START Stored data

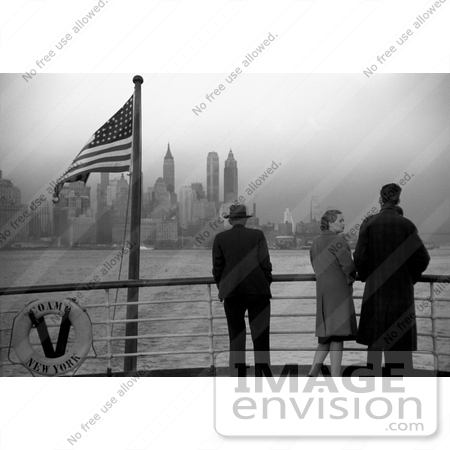 #11207 Picture of People Viewing Manhattan From a Ship by JVPD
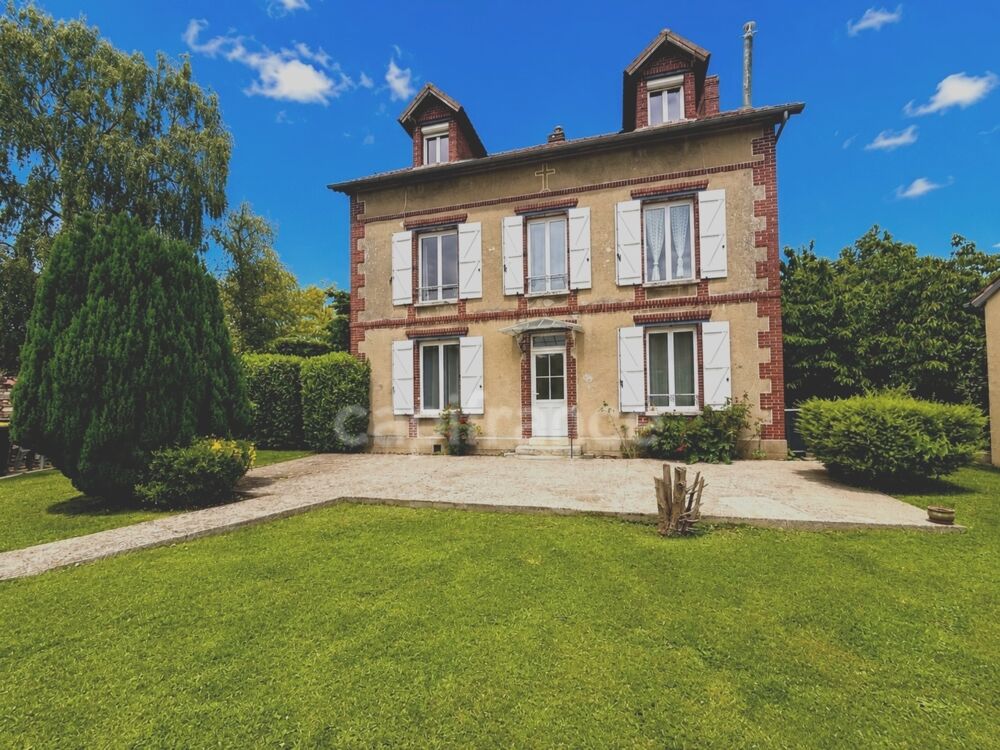 Maison 8 pièces 191 m² · à Chaufour les Bonnieres · 191 m² · 300 000 €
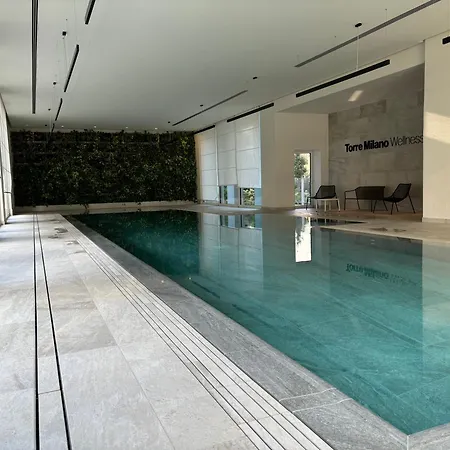 Torre Skyview Gym Pool & Rooftop Appartamento Milano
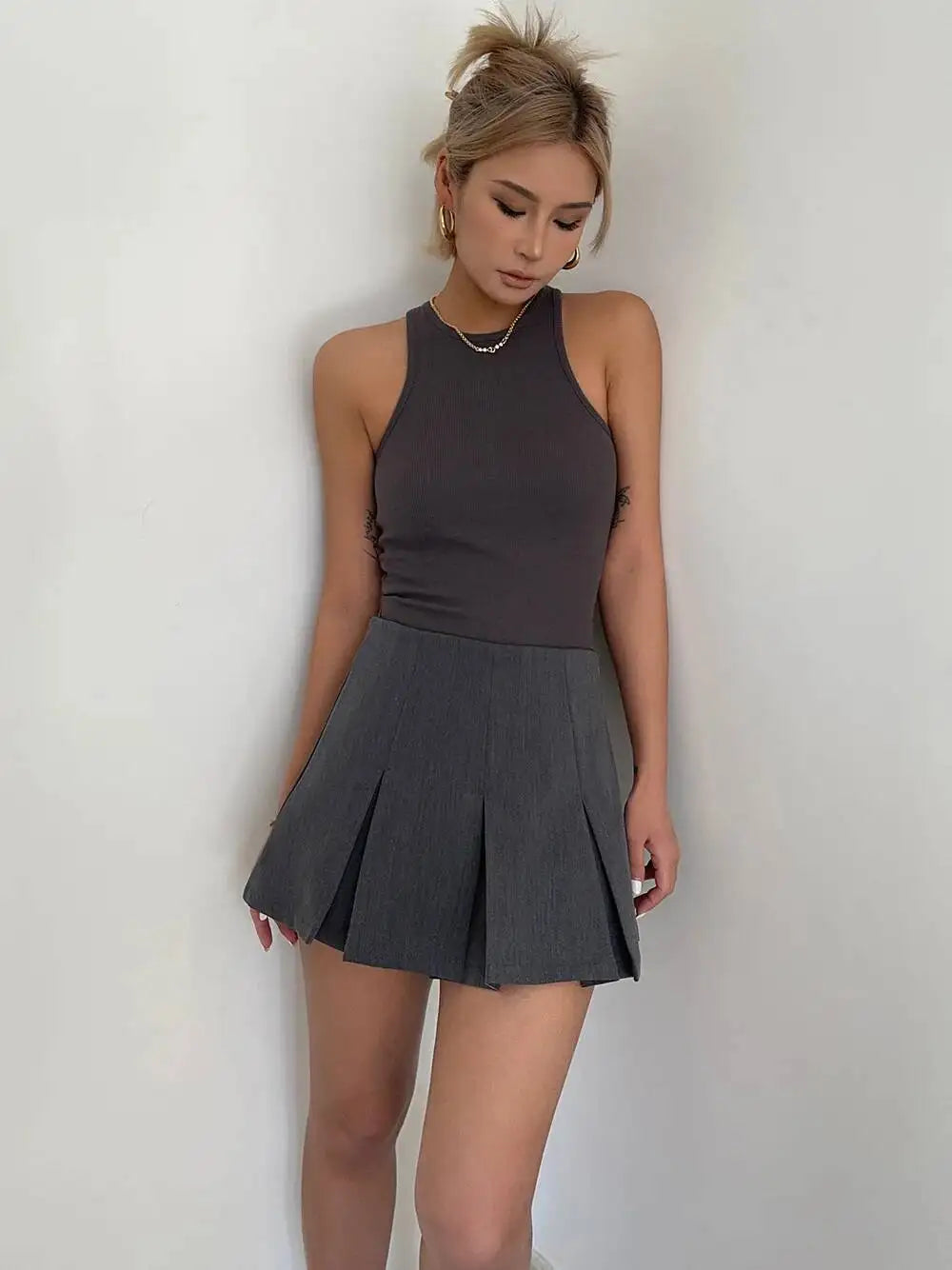 WOMENGAGA American High Street A-line Short Unif School Girl Fairy Grunge Skirt High Waist Pleated Skorts Streetwear Lovely HM2O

END Stored data

Except for the pictures, please retype the listing above exactly.

 #11207 Picture of People Viewing Manhattan From a Ship by JVPD
 Maison 8 pièces 191 m² · à Chaufour les Bonnieres · 191 m² · 300 000 €
 Torre Skyview Gym Pool & Rooftop Appartamento Milano
 WOMENGAGA American High Street A-line Short Unif School Girl Fairy Grunge Skirt High Waist Pleated Skorts Streetwear Lovely HM2O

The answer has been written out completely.